HTML report for factor weights and top genes¶
factor_report.py generates HTML reports summarizing factor characteristics and top genes
The script generates an interactive HTML report (${output_pref}.factor.info.html) and a TSV summary (${output_pref}.factor.info.tsv) containing factor weights, top differentially expressed genes, and visualization colors.
python ext/py/factor_report.py --de ${path}/de_bulk.tsv --pseudobulk ${path}/pseudobulk.tsv --color_table ${path}/color.rgb.tsv --output_pref ${path}/report
--de specifies the differential expression results file from de-chisq
--de_neighbor optionally specifies a de-chisq neighbor-output file (e.g. ${out}.1vsNeighbors.tsv) to add a column displaying high specific top genes.
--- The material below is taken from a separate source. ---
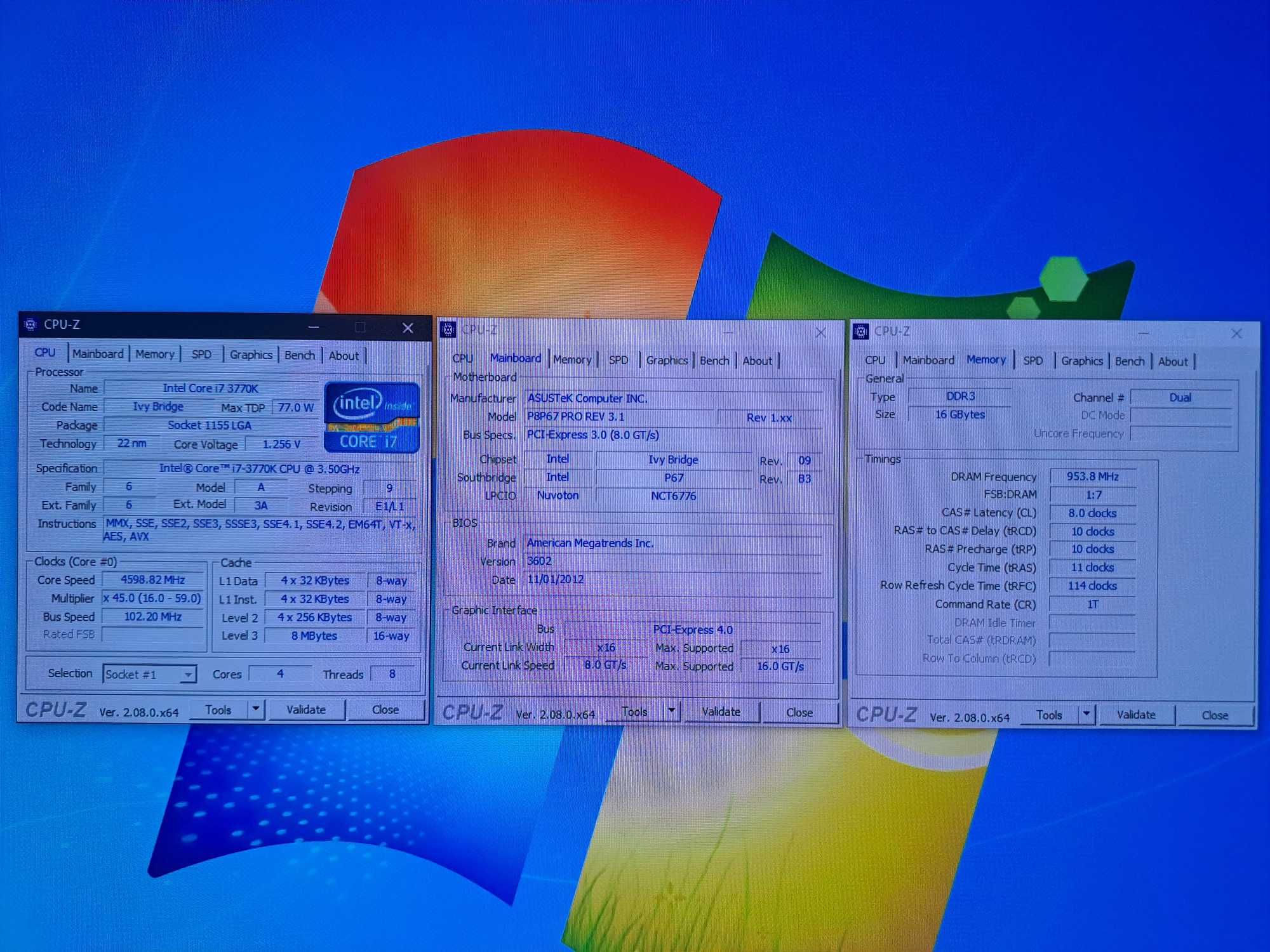 Intel i7 3770k + Asus P8P67 PRO 1155 + 16gb DDR3 + NZXT Kraken x31 120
--pseudobulk specifies the pseudobulk count table.
--color_table specifies the RGB color table for factors. This probably should be the same file as that used for punkst draw-pixel-factors.
--output_pref specifies the output prefix for generated files.
--feature_label specifies the column name for features (default: "Feature").
--n_top_gene maximum number of top genes to include in report (default: 20).
--min_top_gene minimum number of top genes to show per factor (default: 10).
--max_pval maximum p-value threshold for significant genes (default: 0.001).
--min_fc minimum fold change threshold for significant genes (default: 1.5).
--annotation optional file with factor annotations to display instead of the factor IDs. It is a tsv file where the first column contains factor IDs as appear in the header of the pseudobulk table, and the second column contains the annotation.
--anchor optional file with anchor genes chosen to represent each factor. It is a tsv file where the first column contains factor IDs as appear in the header of the pseudobulk table, and the second column contains the anchor gene names (separated by things other than tabs).